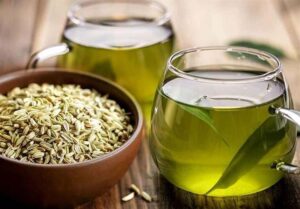 های عطار - فروشگاه های عطار بزرگترین پخش انواع ادویه و دمنوش در ایران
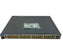 J9728A I HPE Aruba 2920 48G Switch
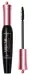 Bourjois - VOLUME GLAMOUR - Ultra-Volumateur - 01 Black - 12 ml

*WORK INSTRUCTIONS:*
Copy the final stretch of lines, starting at the one that holds "J9728A I HPE Aruba 2920 48G Switch" and ending at the last line of the data, exactly; omit pictures.

*WRITTEN ANSWER:*
 J9728A I HPE Aruba 2920 48G Switch
 Bourjois - VOLUME GLAMOUR - Ultra-Volumateur - 01 Black - 12 ml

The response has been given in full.